We still had fun shopping that day. Stacey and Dani were in full on dress mode—Stacey needed something for Spring Fling, having already lined up what she was wearing to prom, and Dani had the opposite problem. They tried to rope me and Cat into their mania too, as they practically ripped apart the racks at Nordstrom and Macy’s, and they looked absolutely flabbergasted when I told them that I wasn’t going to either event (my parents were making me work the night of Spring Fling, and while I might have had a better shot at ditching my shift for prom, considering it was almost three months away, it wasn’t like I had anyone to go with). Cat’s excuse floored them even more—she
was
going, in a group to the Fling and with Jonny to prom, but she was wearing the same thing to both: a vintage dress she’d found at the Salvation Army for eight bucks.
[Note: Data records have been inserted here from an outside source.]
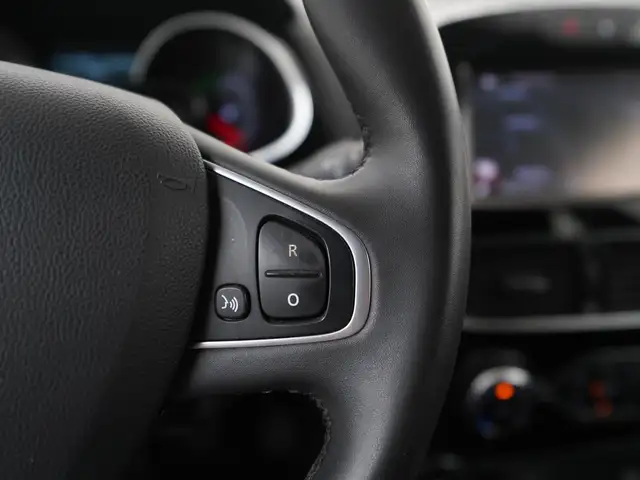 Renault Clio view 9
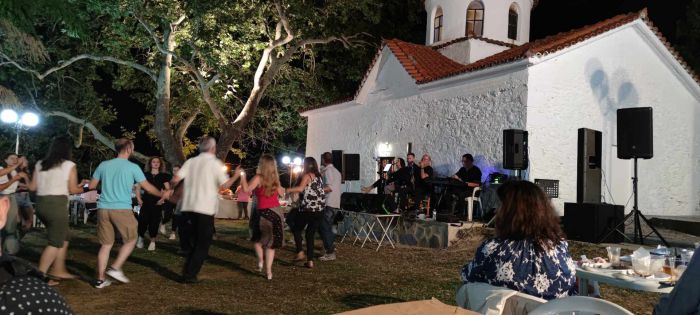 Έλατος Κυνουρίας | Μεγάλο γλέντι με Λάμπρο Καρελά και &quot;Ωδική Βοήθεια&quot;! (vd)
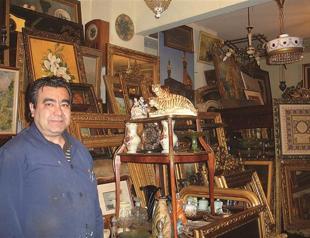 Craftsmen shine at Üsküdar’s 90-year-old antique bazaar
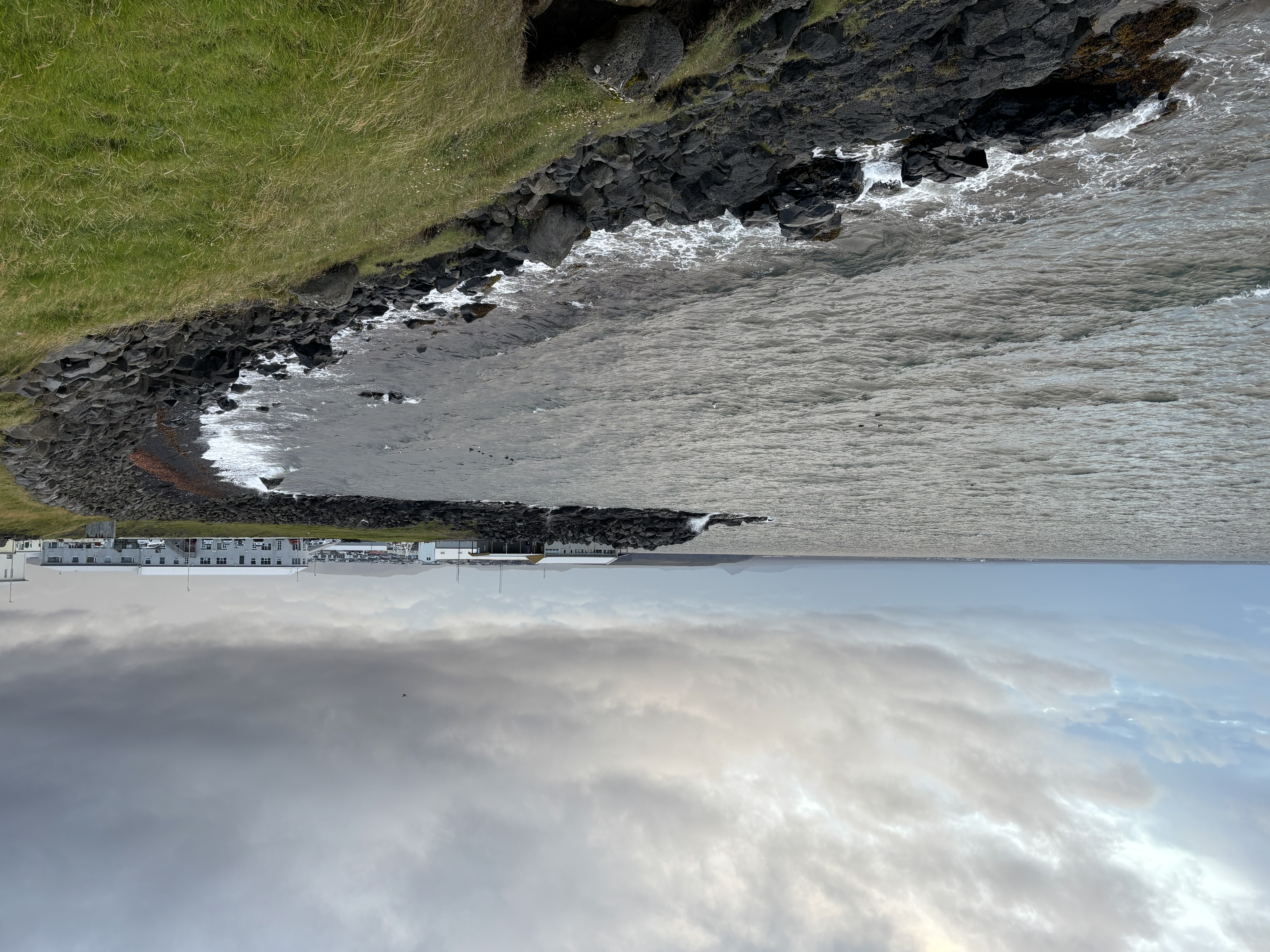 Keflav&iacute;k coastline at dawn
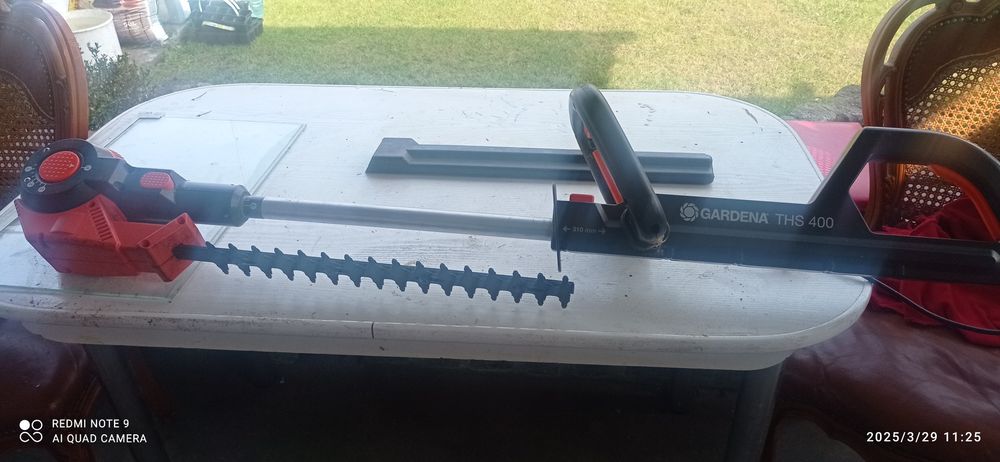 Sprzedam elektryczne nożyce  do żywopłotu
“Salvation?” Stacey asked, clutching her purse in shock. She squeezed the metal clasp so hard the nail polish on one of her nails chipped off.
“Army?” Dani asked, pausing with her lip gloss wand halfway to her mouth.
“Yeah,” Cat said, exchanging an amused glance with me. Neither of us could believe that they couldn’t believe it.
“It’s really pretty. I’ve seen it,” I said, attempting to calm them down. “It’s black lace, with sort of a scoop neck and a satin ribbon around the—”
Dani put up a hand, stopping me. “Dude, whatever you need to tell yourself, but you don’t need to tell us,” she said melodramatically, then grinned. She finished applying her lip gloss and chucked it back in her bag, then looked around the section of Macy’s where we were standing. “Forget this. We’ve looked at literally everything in here. Wanna take a drive to the outlets?”